Notre goûter empaqueté dans un sac en tissu – une bouteille de vin blanc et des madeleines de Commercy – nous lui emboîtons le pas. Plusieurs degrés plus haut, sur le toit qui restitue sous nos semelles la chaleur d’une journée d’août, le raffut de la circulation est étouffé.
Une forêt de cheminées rondes en brique nous sépare du vide. Au-delà, les toits se succèdent, chaque plan dévoilant un immeuble tarabiscoté, un appui de fenêtre fleuri, un pied de basilic cultivé avec soin dans une jardinière, une housse de couette qui prend l’air, une vie qui suit son cours derrière d’épais rideaux.
Sur les cimes des Batignolles, notre présence importune un couple de pigeons et les moineaux en rase-mottes entendent marquer leur territoire. Pas fous. Ils ont là un observatoire de choix.
Non sans satisfaction, je peux tout à loisir me livrer à mon activité favorite : observer les Hommes.
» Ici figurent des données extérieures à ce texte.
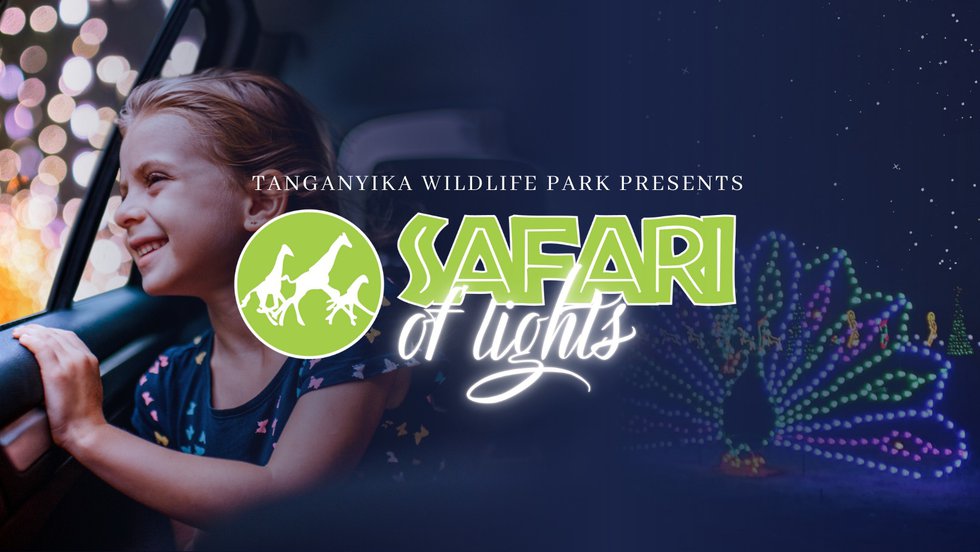 safarioflights.jpg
Sans être vue, de notre vigie, je me plais à imaginer leur vie, d’où ils rentrent, quel est leur livre de chevet, quels prénoms ils ont choisi pour leurs têtes blondes, où est-ce qu’ils ont passé leur enfance, pourquoi est-ce qu’ils ont ri aujourd’hui.
Ils ont quitté la scène. Ils ont quitté le bal masqué au moment où ils ont glissé la clé dans la serrure de leur porte d’entrée. Pour nous, depuis notre perchoir, le rideau s’est ouvert sur la vraie vie.
Et cette vie est remplie de petits riens joyeux. On ne les voit plus, tant ils sont absorbés par notre affairement et notre obsession à courir après notre emploi du temps. Et pourtant, ces plaisirs minuscules, si nous les accueillions, nous aurions sans cesse le cœur léger. Il suffit d’ouvrir l’œil.